Beach Cleanup Stirs Old Memories
The Texas General Land Office sponsored a statewide Adopt-A-Beach cleanup in late September. Galveston Island was one of the 22 cleanup sites statewide.
About 6,500 volunteers showed up on Texas beaches to remove 220,816 pounds of debris. This year’s volunteers and the many others since 1986 have removed to date nearly 10,000 tons of debris from Texas beaches.
College Students Cleaning a Stretch of Beach | Steve Alexander |
Reading about the most recent beach cleanup brought back memories of the many I did with my students on field trips to Port Aransas. The weeklong trips were filled with all things coastal, including a beach cleanup.
We would take a boat ride over to nearby San Jose Island and clean a mile-long stretch of beach. As students walked (see photo), they wrote down every item picked up. They also recorded the presence of sea turtle bites. I had previously seen bites on marine debris and wondered how common they were. So, my students started keeping track.
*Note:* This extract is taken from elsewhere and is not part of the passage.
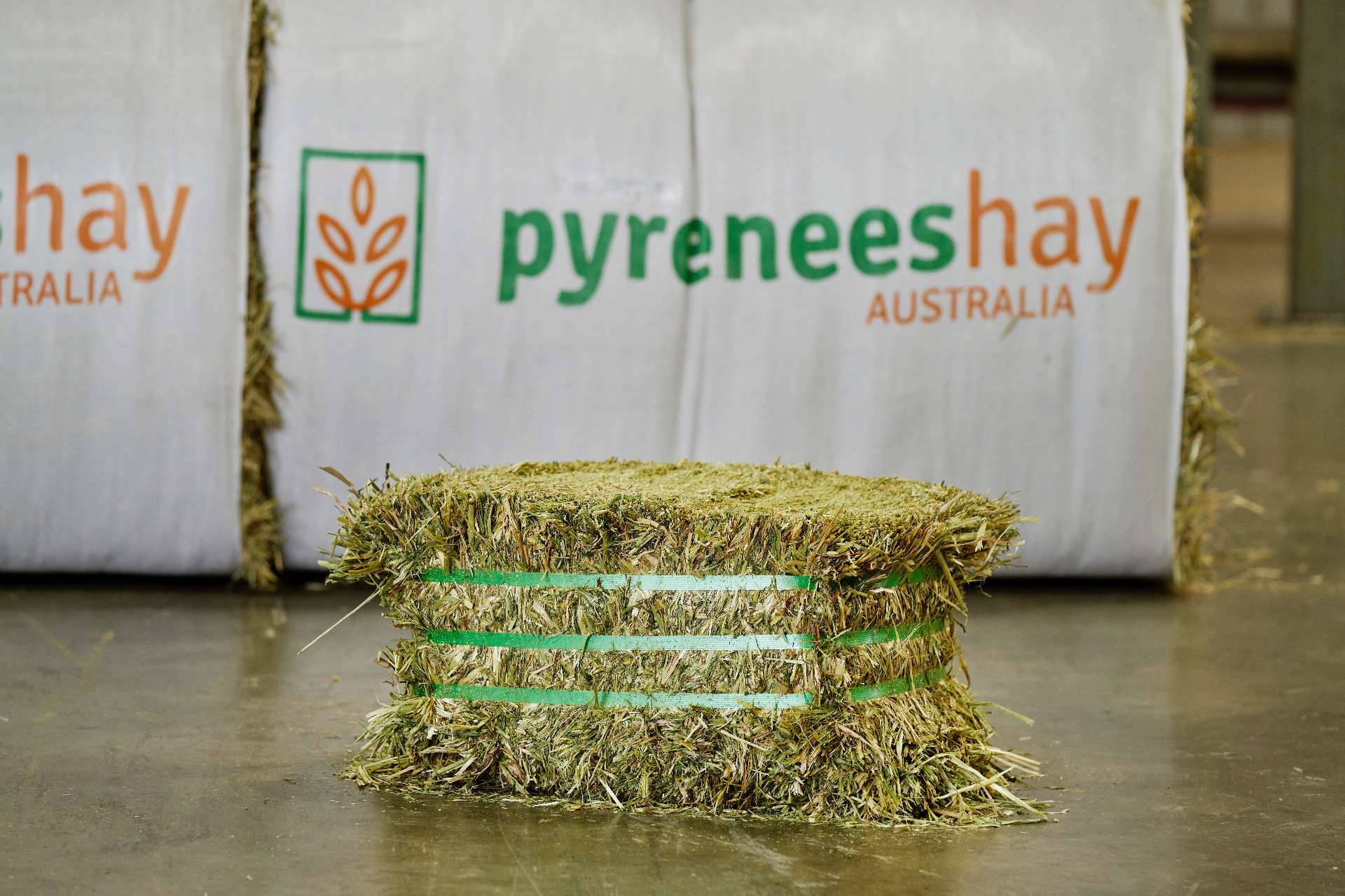 Super Premium Grade Oaten Hay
Kite-shaped Sea Turtle Bites | Steve Alexander |
Sea Turtle Bites Few in Number | Steve Alexander |
Item Shredded by Sea Turtle Bites | Steve Alexander |
Due to the triangular nature of their jaws, sea turtle bites are very distinctive and have a kite shape (see photo). Typically, bites were few in number (see photo). But on occasion, they were numerous enough to shred an item (see photo).
On 14 trips to San Jose Island over 11 years, my students picked up a total of about 14,000 pieces of debris. Most were plastic or Styrofoam. These items float at the surface, where sea turtles munch on them.
Of the 14,000 pieces picked up, roughly 700 — or about 5% — had sea turtle bites. The bite size was small at about 10 to 40 millimeters, which suggested juvenile sea turtles made them, perhaps mistaking the floating items for food. Because there were multiple bites, that also suggests juvenile sea turtles can’t detect these items aren’t food. The plastic pieces bitten off either float away or are ingested. Sharp pieces of plastic that are ingested can cause intestinal bleeding or blockage, resulting in starvation and death.
So, what can we to do to help? Two things: Volunteer to help with the General Land Office’s next beach cleanup in the spring; and whenever you’re around water — whether inland, on the beach or offshore in the Gulf — do not dispose of debris of any kind by throwing it onto the ground or into the water.
If all of us do that, we can help remove at least one of the threats facing sea turtles today.